[Data provided]:

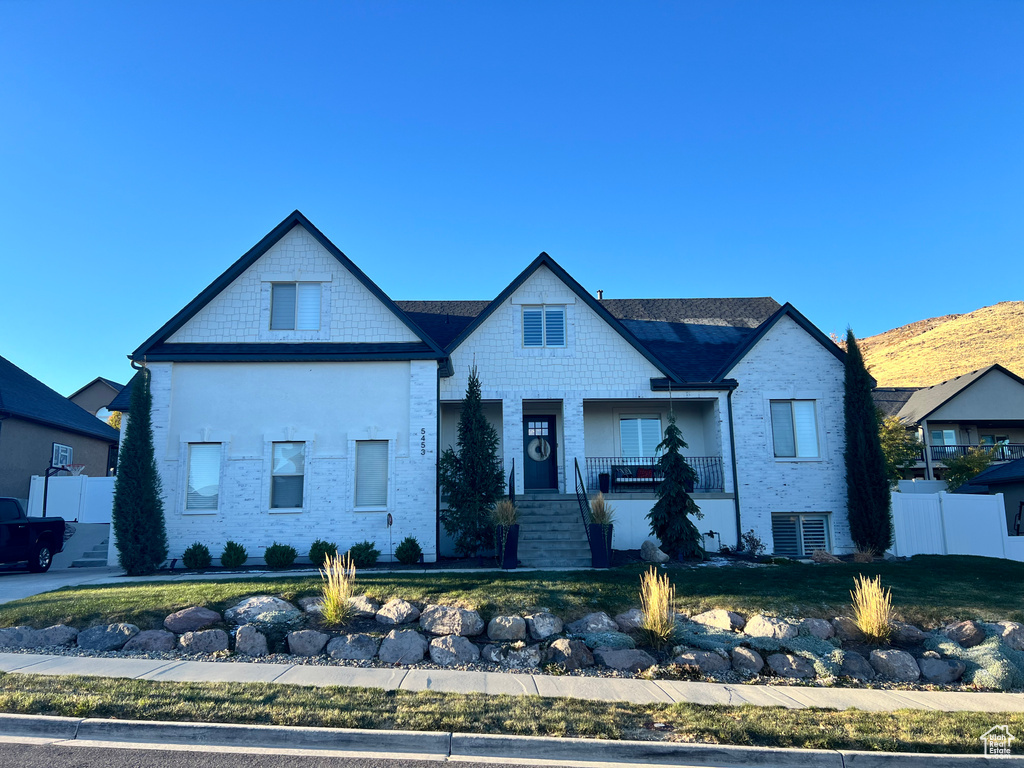 View of front facade featuring a porch and a front lawn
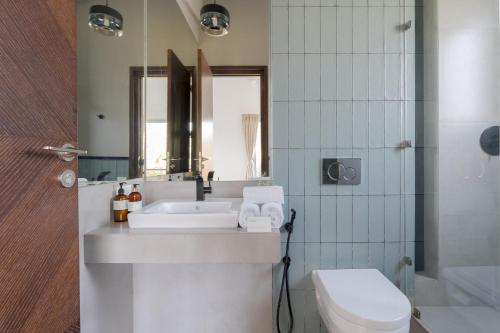 a bathroom with a sink and a toilet and a tub at La Olalian 2 & 3 BHK Designer Villas Near Anjuna Beach with Private Pool & Sun Deck & Garden in Anjuna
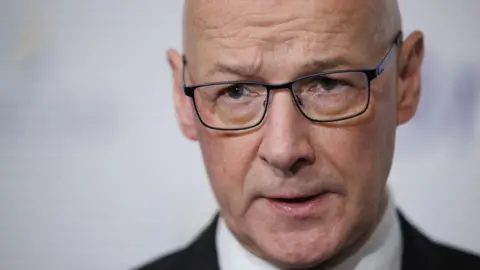 A bald man with glasses in a close-up shot. He is visible from the neck up and is wearing a dark suit and white shirt. 
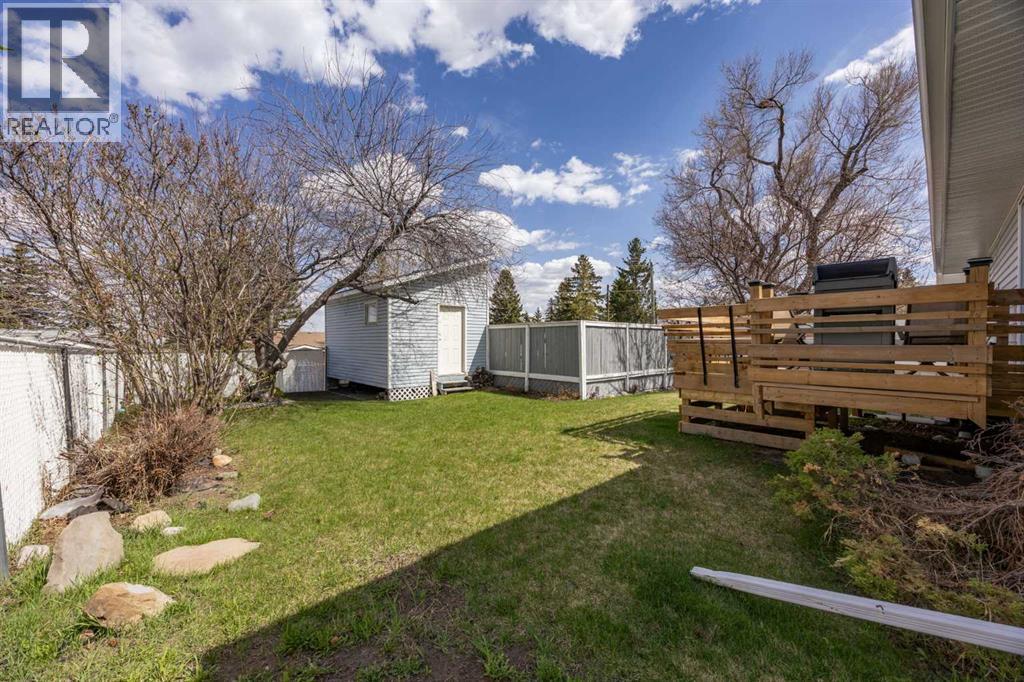 7720 Hunterquay Road Nw, Calgary, Alberta  T2K 4T8 - Photo 42 - A2308100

[Required work]: Restate word for word the lines running from the first line of the material to the line containing "a bathroom with", inclusive, and drop every picture.

[Response for this exercise]:
 View of front facade featuring a porch and a front lawn
 a bathroom with a sink and a toilet and a tub at La Olalian 2 & 3 BHK Designer Villas Near Anjuna Beach with Private Pool & Sun Deck & Garden in Anjuna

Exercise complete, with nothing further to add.